Work task:
Give back the full listing verbatim, apart from its images.

Records for the exercise:

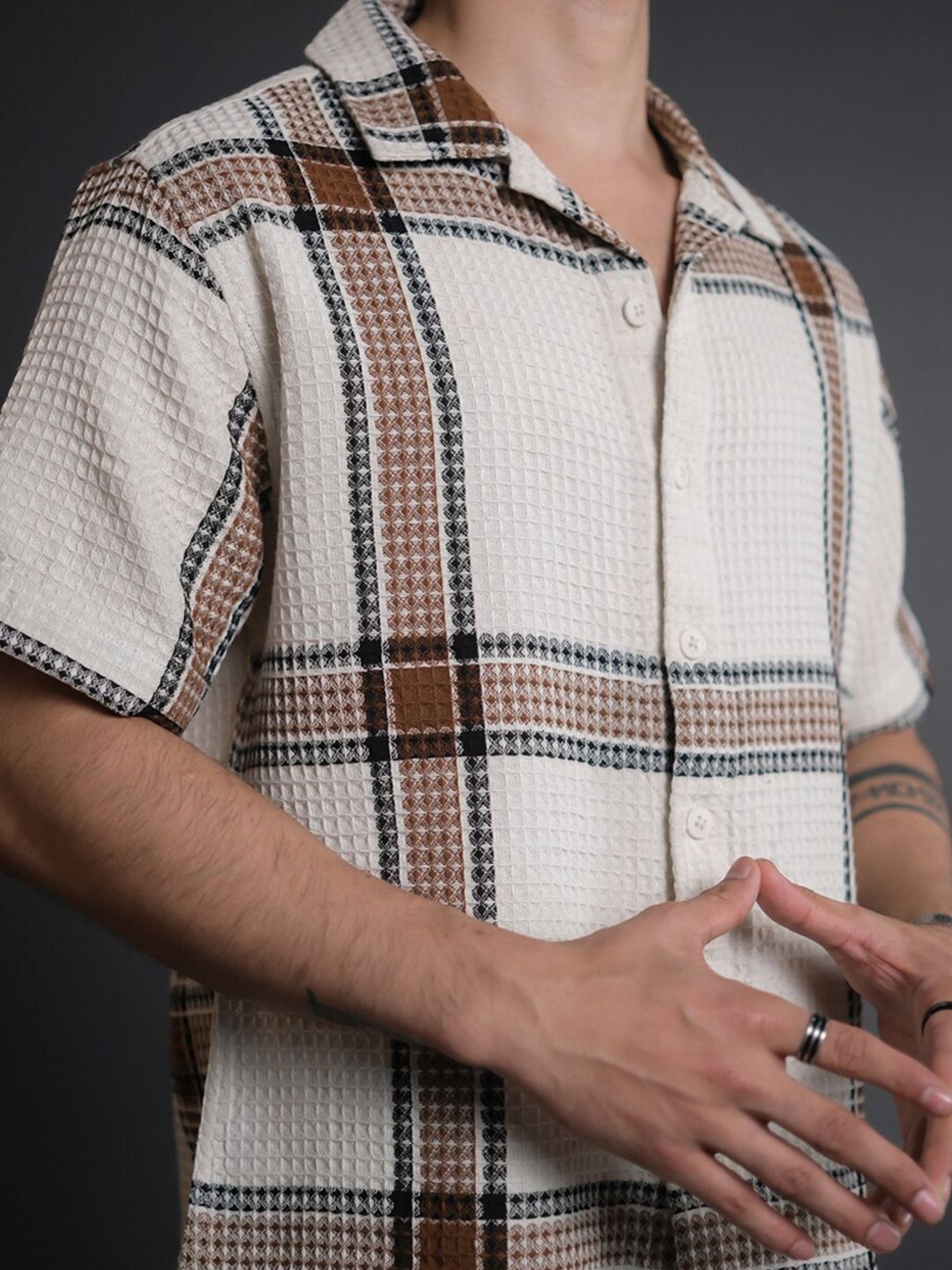 Powerlook Off White India Slim Tartan Checked Cuban Collar Short Sleeves Shacket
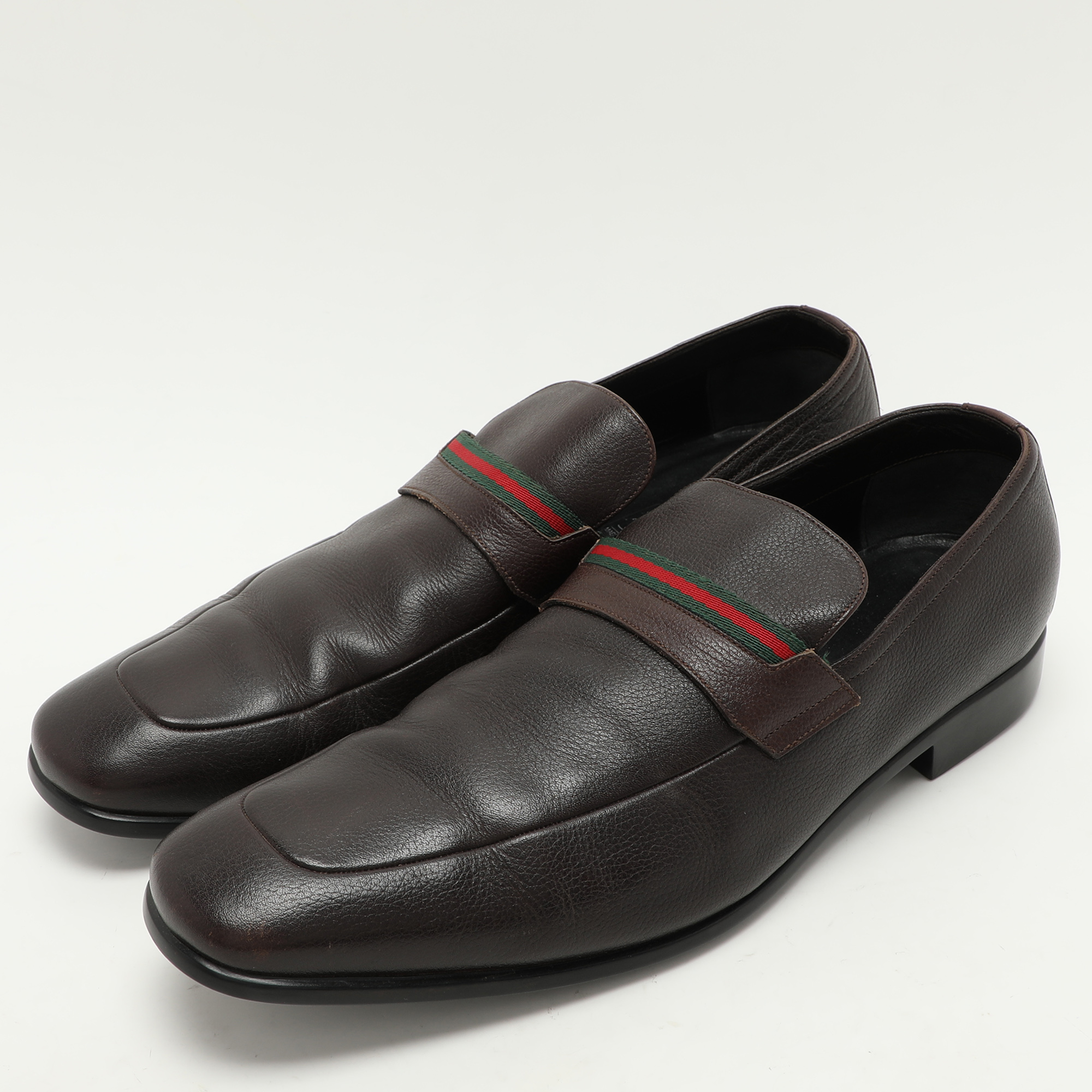 Gucci Brown Leather Web Detail Loafers Size 43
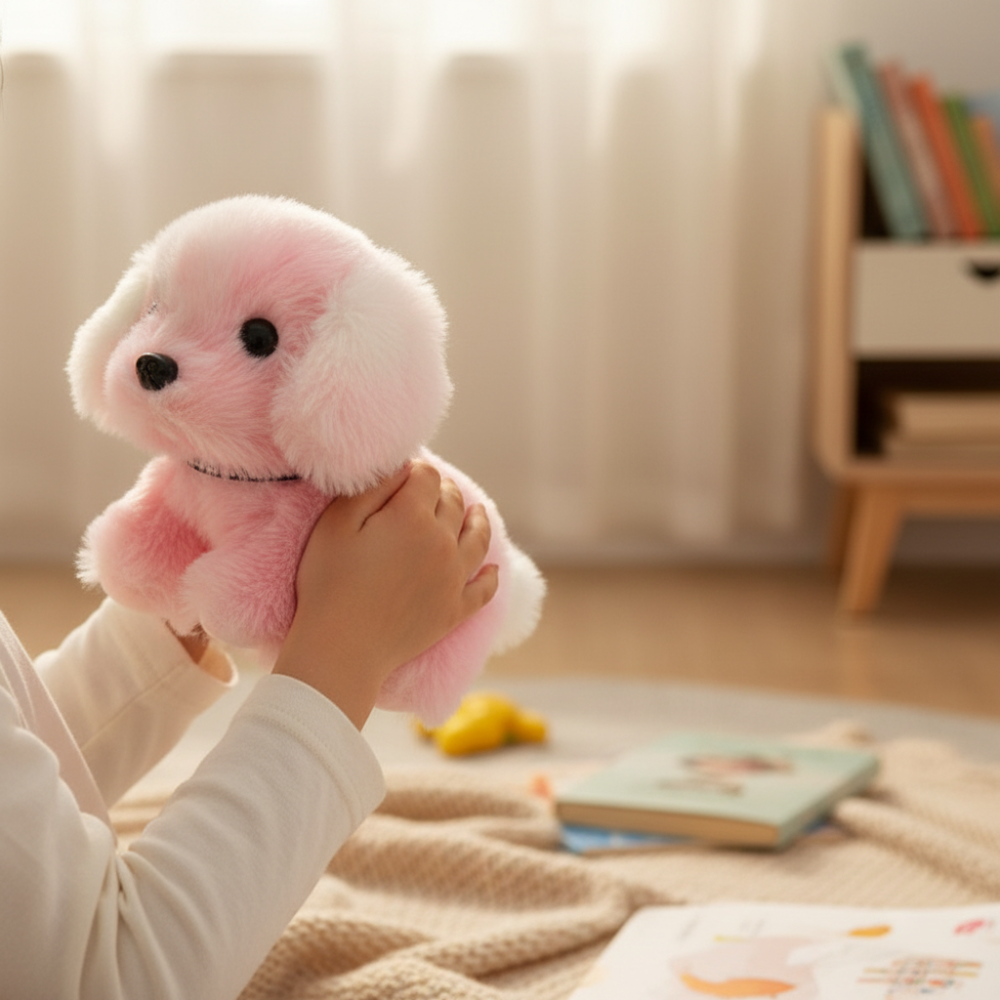 Plush Dog Toy Touch-Activated Walking & Barking Battery-Powered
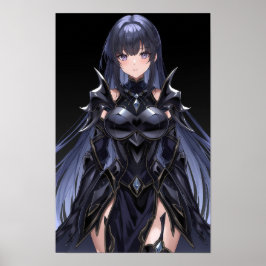 Póster Dark Anime Enchantress in Black Armor
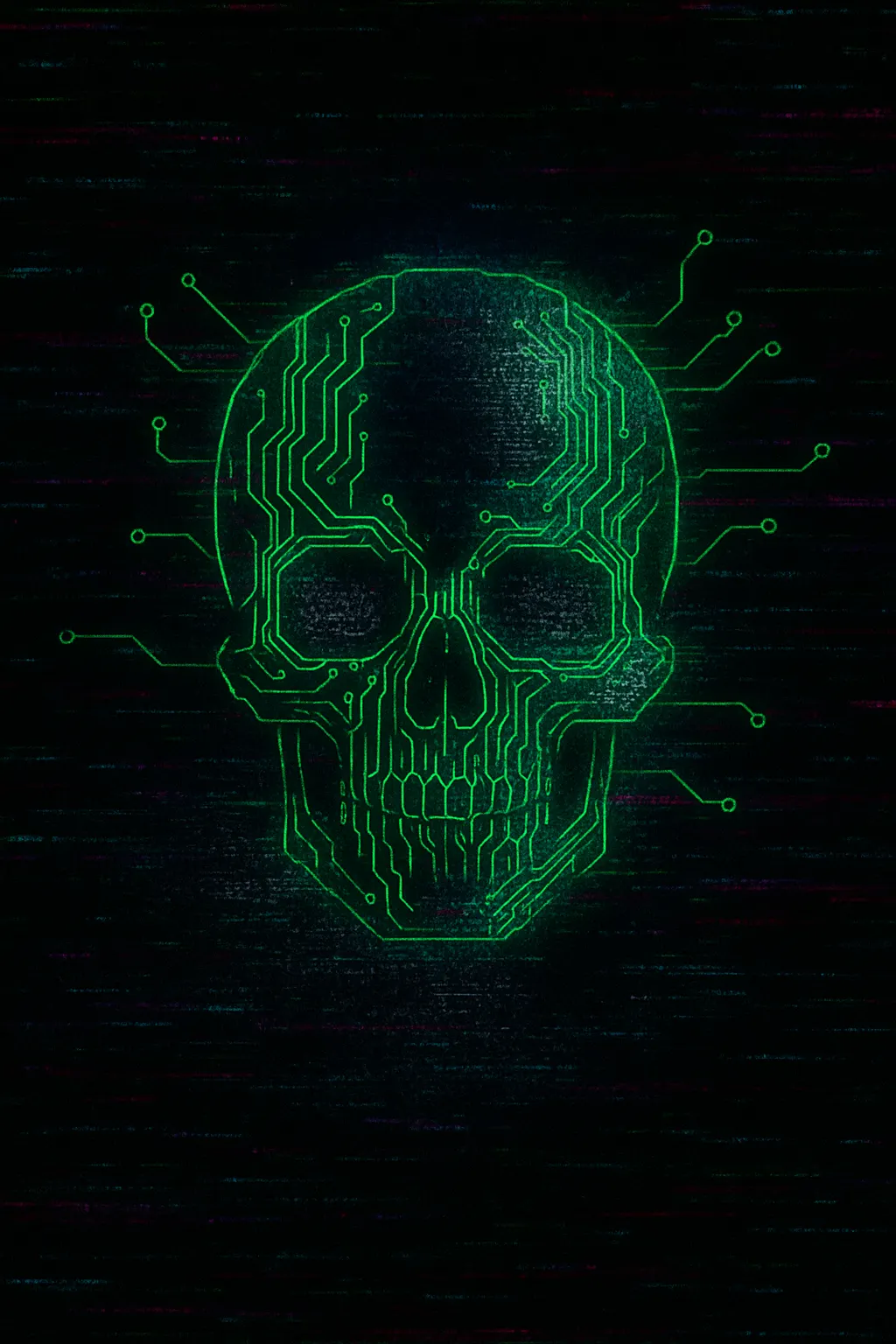Green circuit skull brand ident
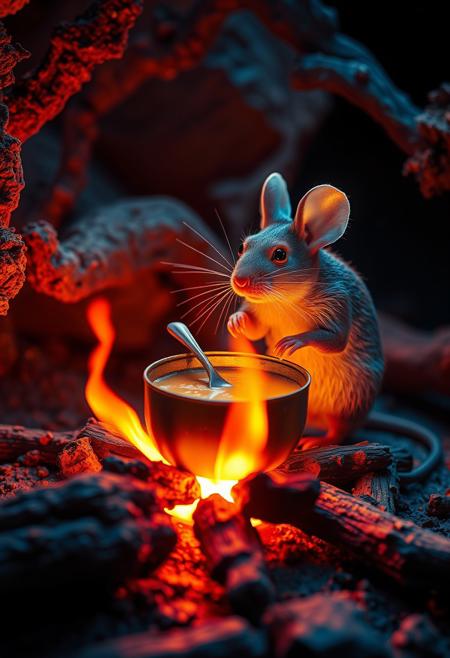 surreal VFX, nano-rat cooking chicken soup on a campfire seen under an electron scanning microscope, with details, vivid colors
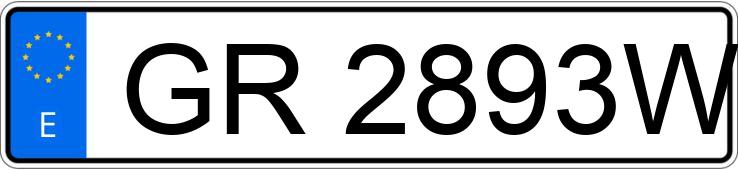 Numer rejestracyjny GR2893W posiada VOLKSWAGEN GOLF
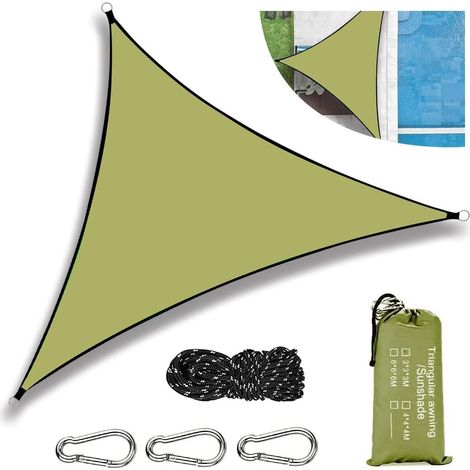 Voile d'ombrage Triangulaire 3x3x3m Voile d'ombrage Imperméable, Toile d'ombrage UV Protection, Respirant et Résistant, Voile Ombrage Triangulaire pour Patio Jardin Terrasse Extérieur Balcon (1/5)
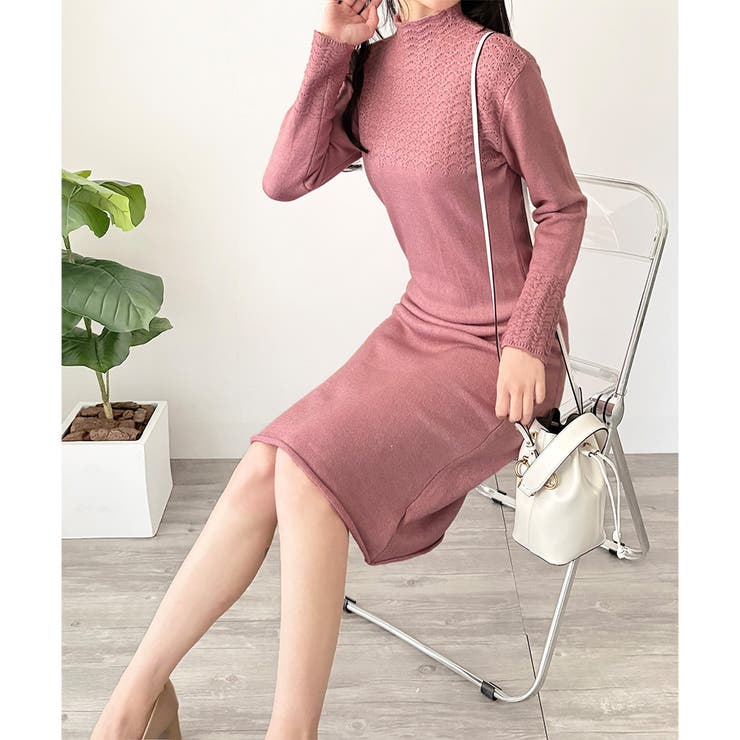 スカラ編み風ニットワンピース レディース ロング丈 | Dewlily | 詳細画像23 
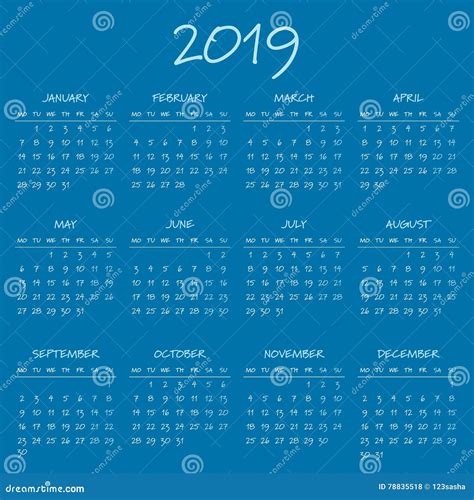 Simple 2019 Year Calendar Stock Vector Illustration Of Vector 78835518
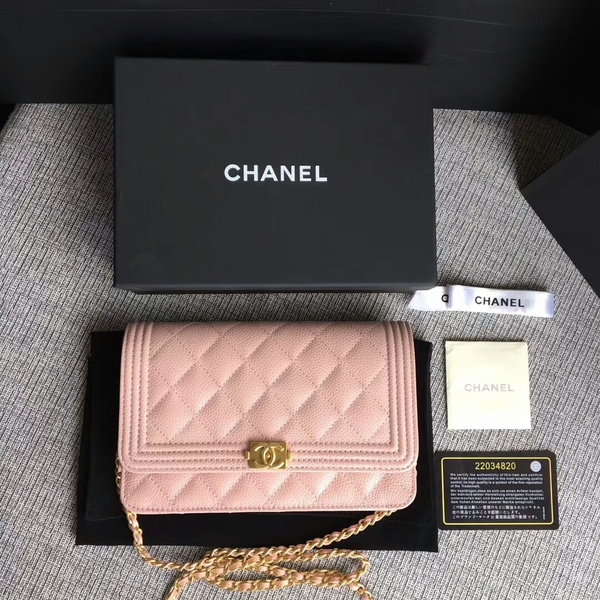 Boy Chanel WOC Flap Bag Original Calfskin Leather CHA6040 Pink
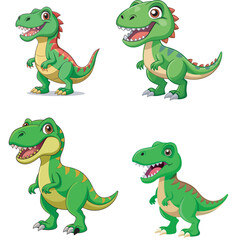 Obraz premium set of funny cartoon dinosaur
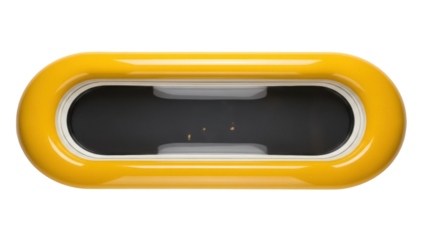 Yellow capsule-shaped object isolated PNG, modern design element on transparent background, futuristic shape for graphic projects
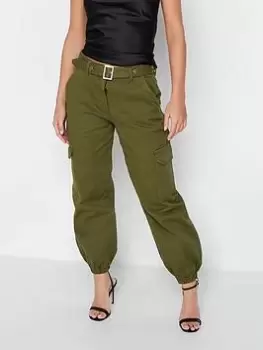PixieGirl Petite Belted Cuff Jogger - Green, Size 12, Women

Answer section:
 Powerlook Off White India Slim Tartan Checked Cuban Collar Short Sleeves Shacket
 Gucci Brown Leather Web Detail Loafers Size 43
 Plush Dog Toy Touch-Activated Walking & Barking Battery-Powered
 Póster Dark Anime Enchantress in Black Armor
Green circuit skull brand ident
 surreal VFX, nano-rat cooking chicken soup on a campfire seen under an electron scanning microscope, with details, vivid colors
 Numer rejestracyjny GR2893W posiada VOLKSWAGEN GOLF
 Voile d'ombrage Triangulaire 3x3x3m Voile d'ombrage Imperméable, Toile d'ombrage UV Protection, Respirant et Résistant, Voile Ombrage Triangulaire pour Patio Jardin Terrasse Extérieur Balcon (1/5)
 スカラ編み風ニットワンピース レディース ロング丈 | Dewlily | 詳細画像23 
 Simple 2019 Year Calendar Stock Vector Illustration Of Vector 78835518
 Boy Chanel WOC Flap Bag Original Calfskin Leather CHA6040 Pink
 Obraz premium set of funny cartoon dinosaur
 Yellow capsule-shaped object isolated PNG, modern design element on transparent background, futuristic shape for graphic projects
PixieGirl Petite Belted Cuff Jogger - Green, Size 12, Women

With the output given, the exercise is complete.